In more than 80% of patients mycetoma affects the hand or foot. Occasional cases of head and neck, chest, abdominal wall, perineum or gluteal region are recorded. Rare mycetoma sites include the eye, sinuses, mastoid bone and scrotum.

Eumycetoma has a slower progression than the more rapidly invasive actinomycetoma, but ultimately can be just as destructive.
Frequency and global burden
The disease is endemic in many tropical and subtropical regions across the world, with high prevalence in the ‘mycetoma belt’. The belt stretches between 150⁰S and 300⁰N, and includes Sudan, Somalia, Senegal, India, Yemen, Mexico, Venezuela, Columbia, Argentina, and Iran, amongst others. There are probably between 20,000 and 50,000 cases worldwide based on literature reports. Most cases are reported from Sudan, Mexico and India..
Underlying problems and at risk patients
The most common age of infection is young adulthood (70% of the cases are between ages 11 and 40), with some children and older people affected. In most countries men are affected more than women.
Diagnostic testing
Surgical biopsy is important to obtain grains for culture, molecular identification and histopathological examination.
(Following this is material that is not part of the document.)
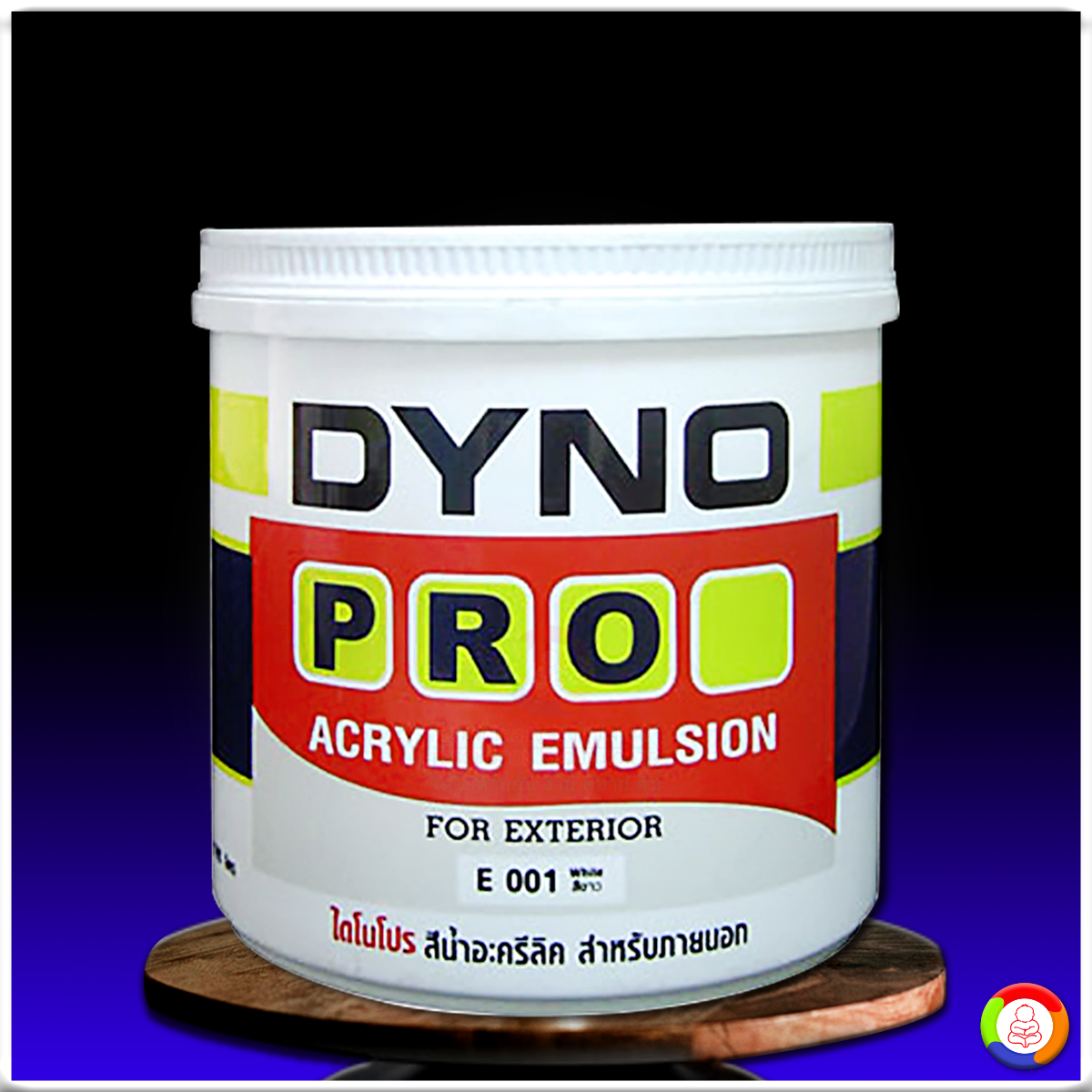 สีน้ำภายนอกไดโนโปรแมกซ์ DynoPro Max Acrylic Emulsion For Exterior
Individual grains have a distinctive appearance under direct microscopy, depending on causative agent, but this is insufficient to determine the bacteria or fungi responsible for the infection.

Culture requires a range of media, including fungal, bacterial and mycobacteria plates and/or liquid culture. Years of experience are required to identify all of the fungi and bacteria that cause mycetoma, and there are many variants and isolates that resemble others. It is recommended to plate as many grains as possible in order to increase the chance of culturing the organism.

Formal genetic identification using sequencing is most reliable. Susceptibility testing is not standardized and has not been well correlated with treatment outcome. Various imaging modalities are useful to define the extent of disease. Conventional X-ray, ultrasound to identify grains and MRI all have an essential place in determining the disease spread, and to establish a disease management plan. Currently, the available diagnostic tests and techniques are invasive, tedious and expensive. Most of them do not exist in endemic regions, and patients need to travel far to establish the diagnosis.
The treatment of eumycetoma involves a combination of antifungal treatment (currently itraconazole 400mg/day) and surgical excision. Excision ranges in extent from wide local excision to repetitive debridement, and in severe cases, amputation. Surgery is indicated for cases resistant to medical therapy and when the lesion is localised. It may be life-saving in advanced disease that is complicated by secondary bacterial infection, sepsis, massive bone involvement, and poor general condition. Some data indicate that voriconazole may be a better treatment for certain organisms, notably Medicopsis (Pyrenochaeta) romeroi. Eumycetoma treatment is prolonged with a low cure rate and high recurrence and dropout rates.
Outlook and prognosis
Eumycetoma patients usually respond poorly to medical therapy. Improvement is slow and hard to evaluate, even after months of treatment. Many patients eventually fail to complete education or lose their jobs.